The turmoil of the late 1960s in this context contributed to the strengthening of various social and civil rights movements and concepts. But it was really about a robust political-economic system correcting itself after failing to accommodate the influx and aspirations of a whole new generation.
That’s why, by the mid-1970s, ‘the revolution’ was over. The system had successfully appropriated and accommodated the new generation by building more educational institutions and then, from the late 1970s onwards, offering more lucrative economic opportunities to young graduates.
In 1990, when the Berlin Wall came down and the Soviet Union collapsed, these were revolutionary events, almost at par with actual revolutions such as the 1917, 1949 and 1958 communist revolutions in Russia, China and Cuba, and the 1979 revolution in Iran. Yet, there are those who claim that the events that led to the fall of communist regimes in Eastern Europe were, again, more about a system correcting itself.
In a May 25, 1987 article for the New York Times, the Czech journalist Jiri Pehe predicted a “major realignment of class power” in the Soviet Union and its satellite communist states in East Europe. Two years before the Berlin Wall came down, Pehe wrote that more and more members at the top of the region’s ruling communist parties were assuming “middle-class values.”

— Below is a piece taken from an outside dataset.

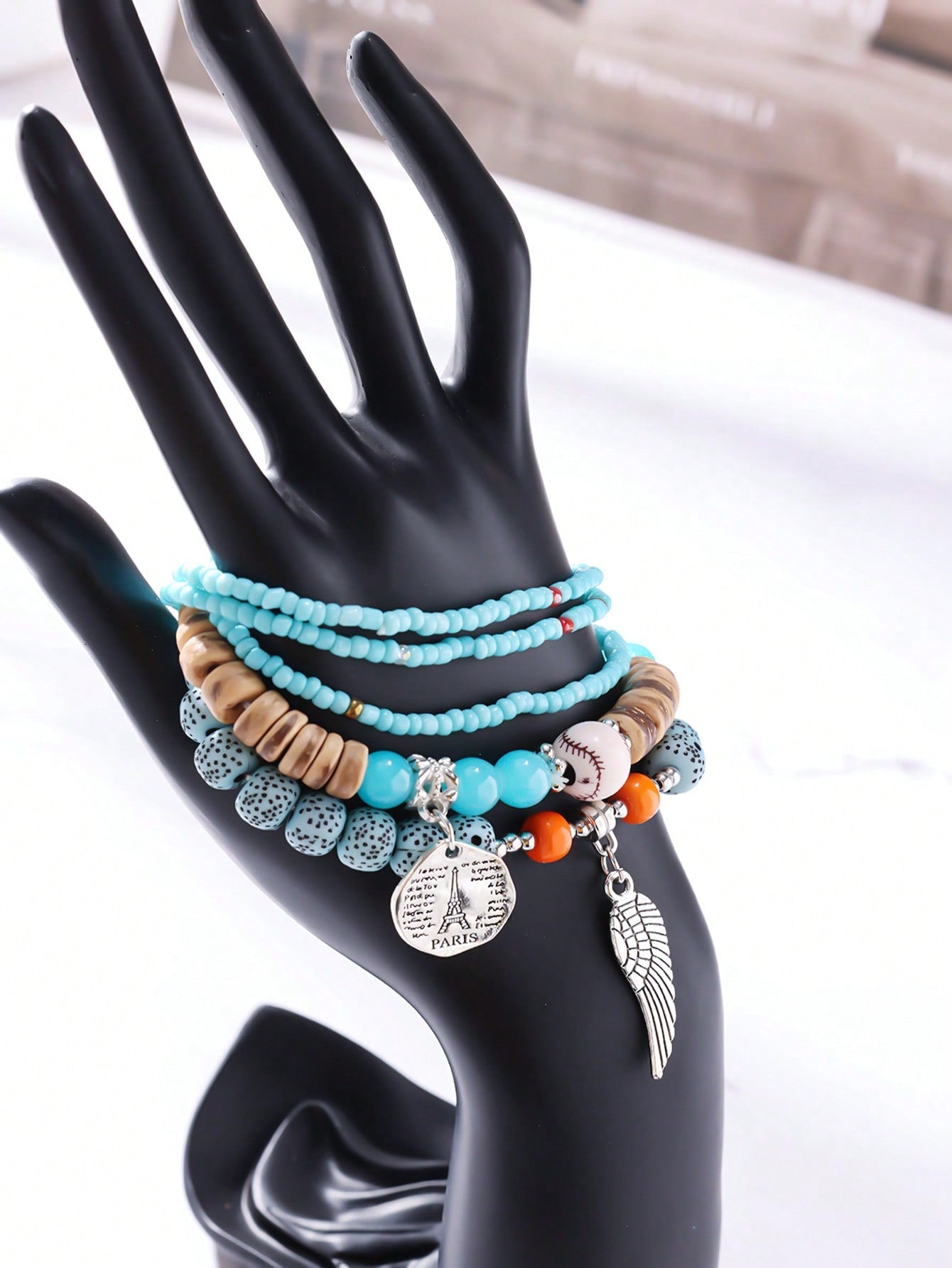 Stackable turquoise and white beaded bracelet set with gold accents, wood beads, Eiffel Tower charm, and angel wing pendant. Versatile layered design for travel-inspired style. Features mixed textures and charms perfect for stacking or gifting.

Many latter-day analysts have even gone to the extent of suggesting that, till the early 1970s, communism actually raised the living standards of thousands of people in communist countries. These lifestyle improvements led to the desire among people to espouse middle-class ideals. So even when communist economics began to crumble, middle-class aspirations and ideals brewing within these societies continued to grow. Thus, as Pehe put it, communist parties too began to embrace middle-class values, as a survival tactic.
So one can suggest, here too it was the system readjusting or re-setting itself. Of course, Western media never stopped calling these as the “democratic revolutions” of the century. They really weren’t, as the rise of illiberal and authoritarian regimes in many former communist regions should suggest.
But the tradition of excitedly describing such readjustments as revolutions (sometimes amping them up by giving them a colour) continues in the Western media.
Starting with the so-called Velvet Revolution (1989) in the erstwhile Czechoslovakia, there was the Rose Revolution (Georgia, 2003), Tulip Revolution (Kyrgyzstan, 2005), the Orange Revolution (Ukraine, 2005), etc. Each one of these was course-correction, not revolution. The 2011 ‘Arab Spring’ in various Middle-Eastern countries too was exactly that — course-correction.
And what is happening today in, say, Hong Kong or Lebanon, may be exciting Western media again, but these are course-corrections as well.
Revolutions are rare. Course-corrections are not, even though many are mistaken and sometimes peddled as revolutions.
The 1960s’ Pakistani activist Lal Khan in The Other Story describes the movement against the Ayub Khan regime as a revolution. It wasn’t for the reasons already discussed. It was course-correction by the system, as was the movement against Z.A. Bhutto in 1977 and the Lawyers’ Movement against Gen Musharraf. And if there is to be a movement against the current regime, that too would be the system correcting itself to adjust to newer realities.